• [REQUIREMENT] Output, please, exactly those lines of the listing that come before the line with "The first one", along with that line itself.

• [SUPPLIED ENTRIES]

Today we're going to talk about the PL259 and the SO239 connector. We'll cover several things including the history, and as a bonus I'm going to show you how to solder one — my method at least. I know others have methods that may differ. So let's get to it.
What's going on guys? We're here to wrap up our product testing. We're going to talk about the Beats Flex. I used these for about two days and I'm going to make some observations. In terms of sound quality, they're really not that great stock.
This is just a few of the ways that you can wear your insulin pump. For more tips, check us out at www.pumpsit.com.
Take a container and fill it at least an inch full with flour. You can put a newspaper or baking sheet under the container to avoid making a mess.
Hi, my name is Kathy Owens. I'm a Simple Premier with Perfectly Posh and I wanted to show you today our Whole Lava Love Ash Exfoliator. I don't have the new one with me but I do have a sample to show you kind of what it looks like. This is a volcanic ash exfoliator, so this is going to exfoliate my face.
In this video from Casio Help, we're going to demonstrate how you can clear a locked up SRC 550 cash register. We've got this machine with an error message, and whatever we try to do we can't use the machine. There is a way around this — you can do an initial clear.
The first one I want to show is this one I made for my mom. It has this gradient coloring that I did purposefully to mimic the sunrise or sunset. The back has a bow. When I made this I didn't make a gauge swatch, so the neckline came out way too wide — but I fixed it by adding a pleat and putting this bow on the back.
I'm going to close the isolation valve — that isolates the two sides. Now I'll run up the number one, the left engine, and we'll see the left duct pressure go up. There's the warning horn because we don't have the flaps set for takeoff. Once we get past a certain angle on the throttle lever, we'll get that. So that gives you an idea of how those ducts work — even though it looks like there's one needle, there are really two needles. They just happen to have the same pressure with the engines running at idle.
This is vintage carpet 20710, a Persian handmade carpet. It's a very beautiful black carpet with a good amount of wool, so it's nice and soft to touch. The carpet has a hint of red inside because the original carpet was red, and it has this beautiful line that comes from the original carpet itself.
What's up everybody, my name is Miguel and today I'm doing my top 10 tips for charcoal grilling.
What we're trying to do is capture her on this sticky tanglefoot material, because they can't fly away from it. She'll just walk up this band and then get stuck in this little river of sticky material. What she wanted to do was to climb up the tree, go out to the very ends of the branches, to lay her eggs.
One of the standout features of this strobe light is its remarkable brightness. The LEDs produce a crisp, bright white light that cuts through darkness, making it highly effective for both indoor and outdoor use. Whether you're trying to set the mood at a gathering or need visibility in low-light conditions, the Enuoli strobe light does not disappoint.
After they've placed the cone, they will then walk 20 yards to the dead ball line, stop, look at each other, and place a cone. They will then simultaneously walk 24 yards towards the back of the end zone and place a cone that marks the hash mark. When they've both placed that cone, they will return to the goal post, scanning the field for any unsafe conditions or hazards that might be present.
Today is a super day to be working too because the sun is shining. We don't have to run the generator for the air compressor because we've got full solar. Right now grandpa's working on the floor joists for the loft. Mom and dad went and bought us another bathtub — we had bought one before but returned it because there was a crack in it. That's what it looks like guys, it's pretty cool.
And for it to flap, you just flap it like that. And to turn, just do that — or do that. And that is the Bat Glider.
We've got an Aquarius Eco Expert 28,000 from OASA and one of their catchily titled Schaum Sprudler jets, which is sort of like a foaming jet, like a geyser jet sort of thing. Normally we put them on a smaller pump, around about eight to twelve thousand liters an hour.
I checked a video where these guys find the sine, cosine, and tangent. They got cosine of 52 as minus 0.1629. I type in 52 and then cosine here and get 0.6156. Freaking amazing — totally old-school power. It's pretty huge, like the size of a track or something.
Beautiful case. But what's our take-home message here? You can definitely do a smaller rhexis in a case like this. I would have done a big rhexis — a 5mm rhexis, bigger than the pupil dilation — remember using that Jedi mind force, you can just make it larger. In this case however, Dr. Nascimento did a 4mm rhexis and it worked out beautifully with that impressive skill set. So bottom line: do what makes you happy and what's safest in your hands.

• [RESULT OF THE TASK]
Today we're going to talk about the PL259 and the SO239 connector. We'll cover several things including the history, and as a bonus I'm going to show you how to solder one — my method at least. I know others have methods that may differ. So let's get to it.
What's going on guys? We're here to wrap up our product testing. We're going to talk about the Beats Flex. I used these for about two days and I'm going to make some observations. In terms of sound quality, they're really not that great stock.
This is just a few of the ways that you can wear your insulin pump. For more tips, check us out at www.pumpsit.com.
Take a container and fill it at least an inch full with flour. You can put a newspaper or baking sheet under the container to avoid making a mess.
Hi, my name is Kathy Owens. I'm a Simple Premier with Perfectly Posh and I wanted to show you today our Whole Lava Love Ash Exfoliator. I don't have the new one with me but I do have a sample to show you kind of what it looks like. This is a volcanic ash exfoliator, so this is going to exfoliate my face.
In this video from Casio Help, we're going to demonstrate how you can clear a locked up SRC 550 cash register. We've got this machine with an error message, and whatever we try to do we can't use the machine. There is a way around this — you can do an initial clear.
The first one I want to show is this one I made for my mom. It has this gradient coloring that I did purposefully to mimic the sunrise or sunset. The back has a bow. When I made this I didn't make a gauge swatch, so the neckline came out way too wide — but I fixed it by adding a pleat and putting this bow on the back.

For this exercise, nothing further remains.